Information supplied
★ ★ ★ ★ ★

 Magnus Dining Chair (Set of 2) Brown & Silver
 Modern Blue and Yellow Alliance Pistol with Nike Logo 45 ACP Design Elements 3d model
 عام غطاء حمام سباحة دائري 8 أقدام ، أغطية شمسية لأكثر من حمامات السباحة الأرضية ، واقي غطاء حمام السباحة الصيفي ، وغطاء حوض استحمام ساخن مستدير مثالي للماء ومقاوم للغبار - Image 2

★ ★ ★ ★ ★

Exercise prompt
Starting at the line that contains "Modern Blue and", copy each line through the last line of the listing, and copy nothing else.

Output
 Modern Blue and Yellow Alliance Pistol with Nike Logo 45 ACP Design Elements 3d model
 عام غطاء حمام سباحة دائري 8 أقدام ، أغطية شمسية لأكثر من حمامات السباحة الأرضية ، واقي غطاء حمام السباحة الصيفي ، وغطاء حوض استحمام ساخن مستدير مثالي للماء ومقاوم للغبار - Image 2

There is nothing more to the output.